The classes are completely mutually exclusive. There is no overlap between automobiles and trucks. “Automobile” includes sedans, SUVs, things of that sort. “Truck” includes only big trucks. Neither includes pickup trucks.
Dataset Split: * training : 60000 * testing : 0 * total : 60000
Input Summary: * shape : [(32, 32, 3)] * range : [(0.0, 1.0)]
Target Summary: * shape : [(10,)] * range : [(0.0, 1.0)]
In [3]:
ds = Dataset.get("gridfonts")
ds
Out[3]:
Dataset name: Gridfonts
Dataset Split: * training : 7462 * testing : 0 * total : 7462
Input Summary: * shape : [(25, 9)] * range : [(0.0, 1.0)]
Target Summary: * shape : [(25, 9)] * range : [(0.0, 1.0)]
In [4]:
ds = Dataset.get('cifar100')
ds
Out[4]:
Dataset name: CIFAR-100
Original source: https://www.cs.toronto.edu/~kriz/cifar.html
This dataset is just like the CIFAR-10, except it has 100 classes containing 600 images each. The 100 classes in the CIFAR-100 are grouped into 20 superclasses.
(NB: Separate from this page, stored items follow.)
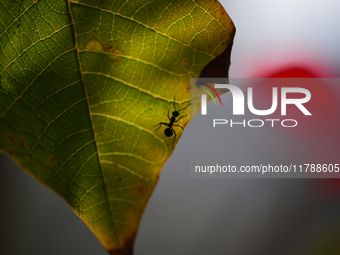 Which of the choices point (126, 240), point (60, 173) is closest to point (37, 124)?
point (60, 173)

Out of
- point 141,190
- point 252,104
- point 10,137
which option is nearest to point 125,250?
point 141,190

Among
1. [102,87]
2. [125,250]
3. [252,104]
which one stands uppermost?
[252,104]

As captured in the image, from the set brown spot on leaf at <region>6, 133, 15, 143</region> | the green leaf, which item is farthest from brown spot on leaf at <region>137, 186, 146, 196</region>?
brown spot on leaf at <region>6, 133, 15, 143</region>

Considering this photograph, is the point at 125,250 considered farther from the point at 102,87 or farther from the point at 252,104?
the point at 252,104

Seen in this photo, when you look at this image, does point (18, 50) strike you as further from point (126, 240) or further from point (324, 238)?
point (324, 238)

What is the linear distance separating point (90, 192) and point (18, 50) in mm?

Each image comes with a “fine” label (the class to which it belongs) and a “coarse” label (the superclass to which it belongs). Here is the list of classes in the CIFAR-100:
Superclass | Classes |
---|---|
aquatic mammals | beaver, dolphin, otter, seal, whale |
fish | aquarium fish, flatfish, ray, shark, trout |
flowers | orchids, poppies, roses, sunflowers, tulips |
food containers | bottles, bowls, cans, cups, plates |
fruit and vegetables | apples, mushrooms, oranges, pears, sweet peppers |
household electrical devices | clock, computer keyboard, lamp, telephone, television |
household furniture | bed, chair, couch, table, wardrobe |
insects | bee, beetle, butterfly, caterpillar, cockroach |
large carnivores | bear, leopard, lion, tiger, wolf |
large man-made outdoor things | bridge, castle, house, road, skyscraper |
large natural outdoor scenes | cloud, forest, mountain, plain, sea |
large omnivores and herbivores | camel, cattle, chimpanzee, elephant, kangaroo |
medium-sized mammals | fox, porcupine, possum, raccoon, skunk |
non-insect invertebrates | crab, lobster, snail, spider, worm |
people | baby, boy, girl, man, woman |
reptiles | crocodile, dinosaur, lizard, snake, turtle |
small mammals | hamster, mouse, rabbit, shrew, squirrel |
trees | maple, oak, palm, pine, willow |
vehicles 1 | bicycle, bus, motorcycle, pickup truck, train |
vehicles 2 | lawn-mower, rocket, streetcar, tank, tractor |
Dataset Split: * training : 60000 * testing : 0 * total : 60000
Input Summary: * shape : [(32, 32, 3)] * range : [(0.0, 1.0)]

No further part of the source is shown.